Necesitamos una espiritualidad, pues sin ella, nuestra civilización nunca será tal, pues no olvidemos que las verdaderas civilizaciones siempre han intentado sostenerse en algunas ideas elevadas: la búsqueda de la belleza, de la verdad, de la justicia.
La nuestra no se sostiene en nada, si acaso en una tecnolatría difusa, que a nada conduce, sino al reino de la fealdad en que habitamos, y que si se desmorona, nada dejará para la posteridad, a lo sumo un puñado de obras literarias, cinematográficas, teatrales y casi nada más.
Incluso la tan cacareada democracia, que no pasa de ser más una ficción que realidad, pues para cualquier persona que se quiera despierta y consciente no somos más que esclavos de la cuna a la tumba, viviendo y sirviendo a las élites y clases gobernantes-con el anzuelo del voto, que en nada cambia nuestras vacías y míseras vidas y trabajando no libremente para nosotros y nuestros hermanos de existencia, sino para los esclavistas- no es sostenible ni realizable sin una idea de bien común, justicia, búsqueda de verdad y libertad, libertad entendida no en su mero sentido hedonista, sino de no dominar a nadie, pues nadie es más que nadie en el Reino de Dios en la Tierra.
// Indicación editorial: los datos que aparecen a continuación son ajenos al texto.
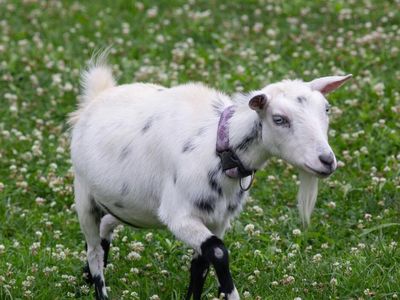 FREE GOATS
Es decir mi fe espiritual incluye una política y economía espiritual, imprescindibles para que individual y socialmente la persona pueda desarrollar sus facultades espirituales, iniciar su camino en el espíritu.
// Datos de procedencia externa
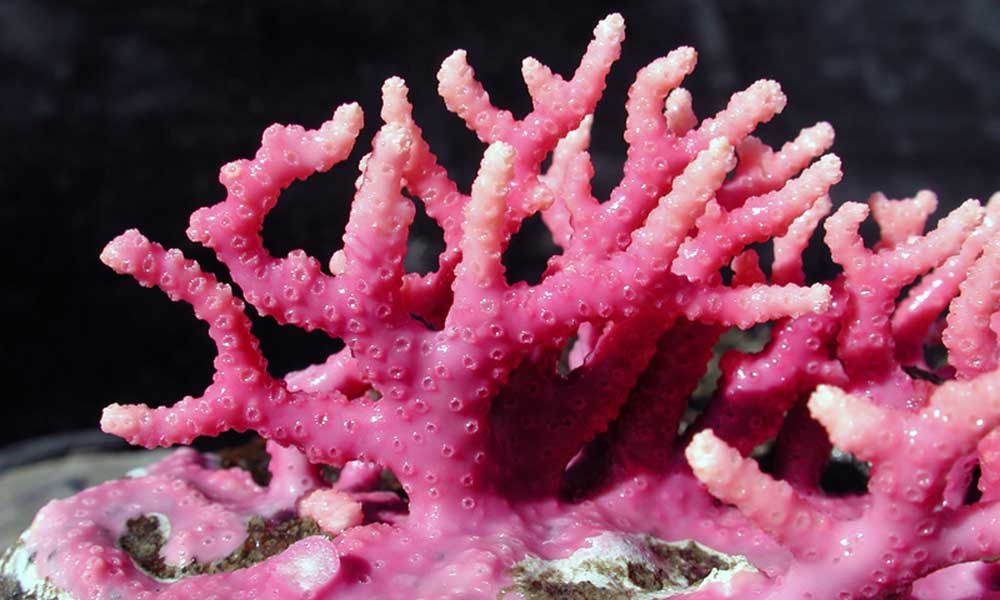The ocean's dwindling corals are estimated to supply shelter and food for 25 percent of all marine life. Photo provided by: Alberto Lindner - NOAA - Boat Stuff Blog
En todo esto consiste mi fe espiritual, a través de un camino tortuoso, de idas y venidas, hasta comprender que en última instancia somos energía, que la conciencia perdurá, que esta vida es importante, pero también la otra, que es aún más auténtica, pues allí estaremos en presencia y contacto pleno con el amor de Dios, sin juzgarnos, sino entendiendo que el caminar terrenal es una experiencia, una enseñanza, siempre sometida a los límites de la materia observable, pero necesaria para propósitos que sólo tras dejar esta vida comprenderemos con claridad luminosa.
Mi fe espiritual es soledad y compañía, es aislamiento y solidaridad, es libertad e igualdad, es tender una mano a Dios y otra al ser humano, es tener un pie en un país y otro en el resto del mundo y en el Universo, es, en una palabra, la unión de los opuestos, la trascendencia frente quienes quieren limitarnos a algo, bien a la materia bien al espíritu.
Mi fe espiritual es un camino, por tanto, de serenidad, de aceptación de las miserias , de abrazar a un Dios que es amor y que, por tanto, no nos juzga, sino que somos nosotros mismos quienes lo hacemos.